Italian genre cinema continues to carry a popularity and cultural cache not otherwise afforded to any other European nation’s equivalent corpus, and it’s perhaps only Japan and Hong Kong that can rival the reams of words produced by the country’s giallos and horrors. The Facts of Murder is a resolutely ropey, nasty, spiteful and cynical little work that undermines and contravenes the warm proletarian roots of the previous films in the collection, and prefigures some of its more famous successors of the same ilk. In The Facts of Murder we’re reminded that although the bourgeois may be compromised, it’s the peasants, the servants and the street-kids that you really need to look out for – they’re the ones who really do the destroying. As if (unintentionally), signalling this rightward-shift actor Franco Fabrizi returns in Germi’s film, and having previously appeared as the eventually heroic taxi-driver and titular ‘witness’ of Molinaro’s movie, he now plays the role of a swindling upper-middle-class ‘doctor’ who acts without morals but no eventual criminal intentions.
This sort of messaging isn’t unusual in mainstream Italian film-making as this conservatism, a melding of class prejudice and misogyny, has always run parallel to films of vibrant popular leftism. There’s something particularly unappealing about Germi’s uncharismatic detective – a smirking void with a hair-trigger temper. His band of comic relief petty officers are all more amused by the murder and the cast of semi-tragic characters who surround it, than they are moved to any real action (see for example the opportunistic exploitation of a frightened closeted homosexual’s home as a base of operations).

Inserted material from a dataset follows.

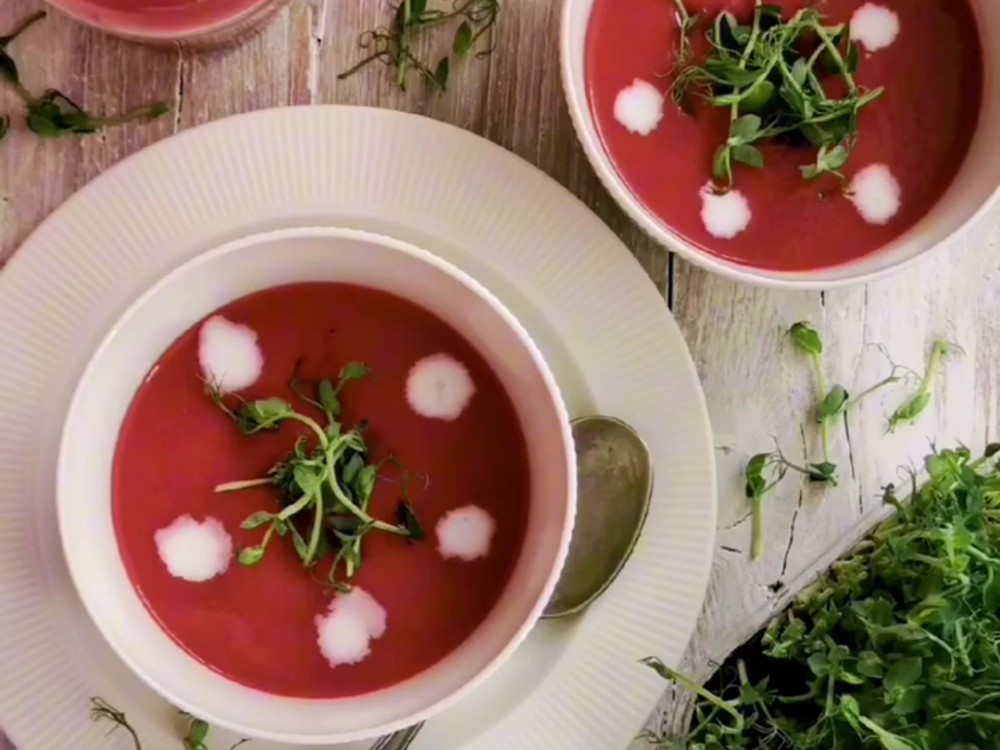 Sopa Borsch de Verano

There are bright moments, but sequences where the deadpan sense of the grotesque, the liveliness of the Roman milieu, and even the ingenious screw-tightening on the murdered woman’s suspicious husband, are pungent and grimly droll. Sadly, this is mainly a standard procedural centred around an entirely tedious mystery that’s delivered in a flat and literary style.
So we have almost a total success, and one hopes that further volumes follow in this series that will illuminate the sustained mutations of the genre as it continued to flow through the hands of modernists and post-modernists. From the rich history of the golden-age Mexican noir, to Ayala, to Bellocchio, to Corneau, and Tavernier, and on and on. We have learnt, of course, that cinema is histories, and not a history, and in that case Radiance have opened their doors to an important mission with an almost unlimited purview.
If, to quote a recent piece by A. S. Hamrah, “the only worthwhile things are the ones that no-one cares about”, like the unknown cinemas that have as yet refused to be ‘Criterionised’, then we can be excited. Perhaps in a few years film noir as we then understand it will not resemble much at all, and noir as we now know it may be all the better for it.